─── DATA SEGMENT

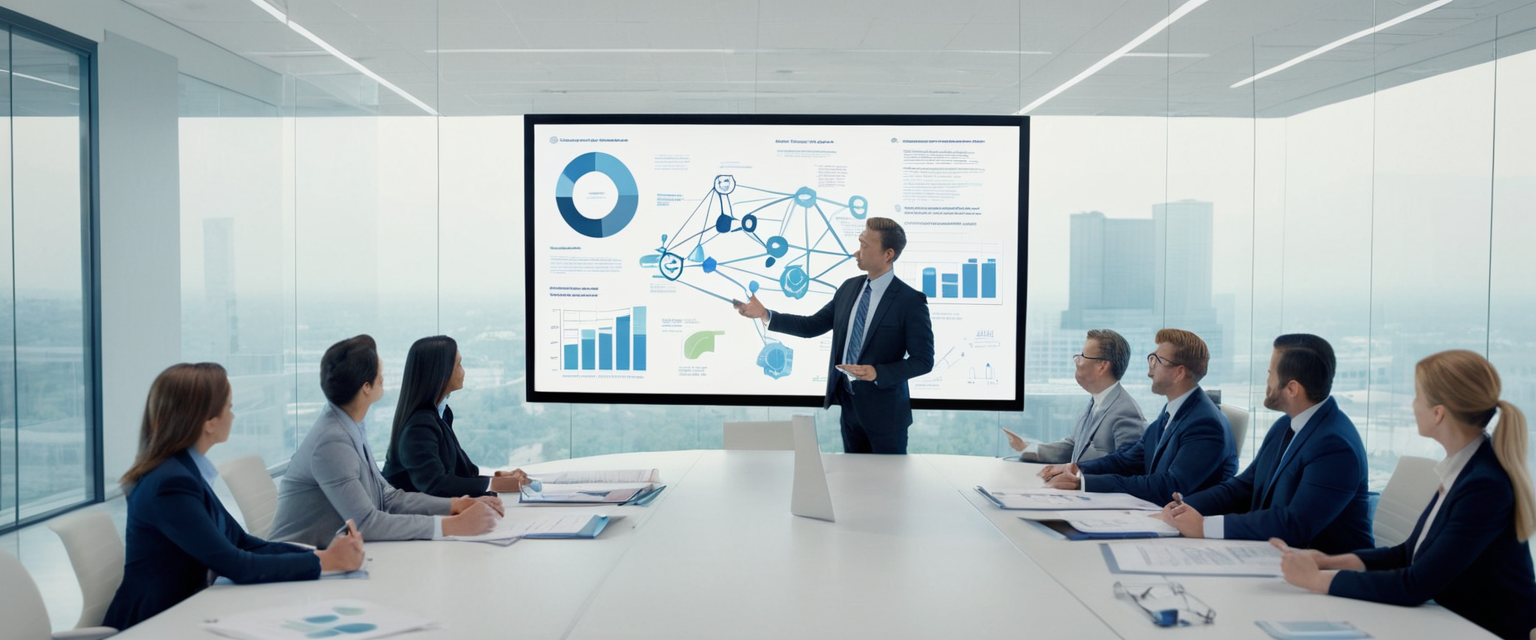 Regulatory Requirements, Compliance Frameworks, and Institutional Obligations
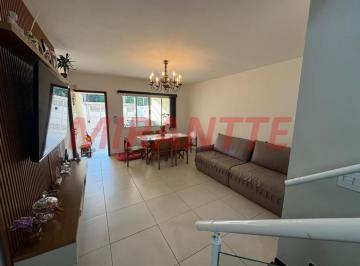 628476b0332126a4ada8de8be6d68b61.jpg · Sobrado de 125m² com 3 quartos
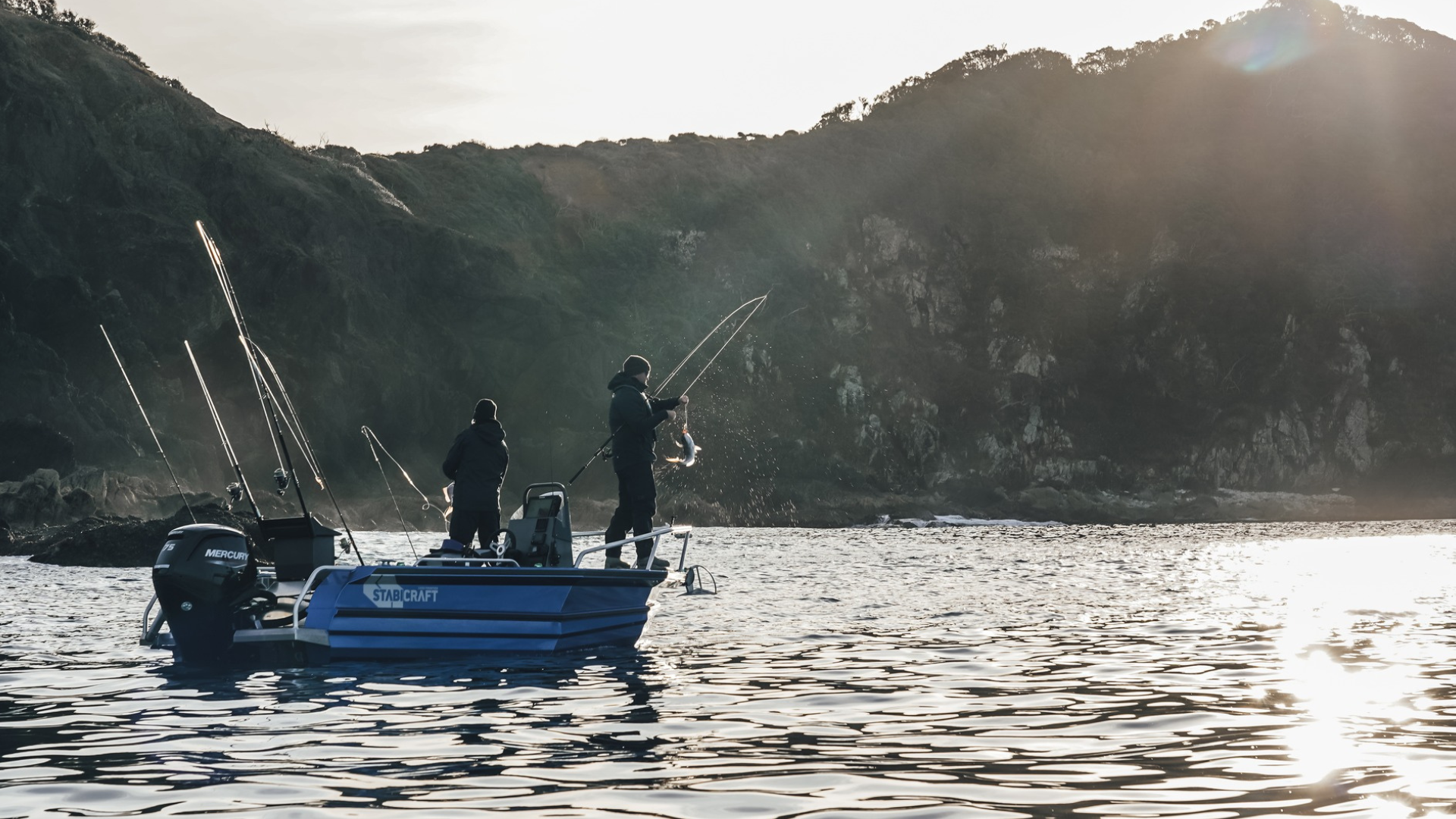 Website Images (2).png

──────

Every line of the material must be repeated exactly; pictures stay out.

 Regulatory Requirements, Compliance Frameworks, and Institutional Obligations
 628476b0332126a4ada8de8be6d68b61.jpg · Sobrado de 125m² com 3 quartos
 Website Images (2).png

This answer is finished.